TRENTON – A bill sponsored by Senator Ronald L. Rice which would limit the increase in property taxes payable on any new building or structure to five percent above the most recent tax assessment on the replaced building or structure was approved by the Senate Community and Urban Affairs Committee yesterday by a vote of 3-0, with 2 abstentions.
“At a time when the housing market is in a slump and people are out of work, we need to remove any obstacles which block redevelopment in communities in need,” said Senator Rice, D-Essex, and Chairman of the Senate Community and Urban Affairs Committee. “With New Jersey’s highest-in-the-nation property taxes, one of the biggest obstacles to reclaiming run-down buildings in our impoverished cities is the unfair hike on property taxes when a building is improved. Rather than base property tax calculations on outdated and unfair tax models, we need to provide a shield from unjust tax increases when a community is trying to rebuild itself.”
The bill, S-74, would establish a cap of five percent above the most recent tax assessment on a replaced building or structure for any new, renovated or redeveloped buildings in New Jersey. Under the bill, the five percent increase limitation would remain in effect until the new building or structure has its true and fair value assessed as part of a municipal-wide revaluation. Senator Rice noted that the bill is intended to promote redevelopment in older urban communities and maintain a habitable housing stock by encouraging the renovation of property without triggering a disproportionate increase in property taxes on the renovated property when other properties in the neighborhood are assessed below market value.

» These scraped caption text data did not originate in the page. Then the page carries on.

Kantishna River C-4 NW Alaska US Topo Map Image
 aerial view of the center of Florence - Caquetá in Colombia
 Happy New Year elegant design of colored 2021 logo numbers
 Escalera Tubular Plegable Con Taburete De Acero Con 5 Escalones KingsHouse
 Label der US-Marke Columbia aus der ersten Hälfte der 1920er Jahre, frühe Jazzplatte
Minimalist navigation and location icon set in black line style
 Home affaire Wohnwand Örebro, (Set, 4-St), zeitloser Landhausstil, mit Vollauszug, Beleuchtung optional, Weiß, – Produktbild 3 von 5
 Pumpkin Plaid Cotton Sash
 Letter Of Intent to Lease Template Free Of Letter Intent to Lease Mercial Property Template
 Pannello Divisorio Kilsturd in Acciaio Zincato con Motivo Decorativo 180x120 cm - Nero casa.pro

“New Jersey has an overwhelming interest in promoting redevelopment in lower-income neighborhoods, to create affordable housing where there is none, and put unemployed New Jerseyans to work,” said Senator Rice. “Especially when market values are down, developers and redevelopers back off from the sort of projects that New Jersey needs, because property taxes are simply too high, and further over-inflated based on home values in market boom years. This bill keeps property taxes in check until revaluation can occur, and will hopefully encourage new jobs and housing opportunities to be created in cities where they will do the most good.”
The bill now heads to the Senate Budget and Appropriations Committee for review before going to the full Senate for consideration.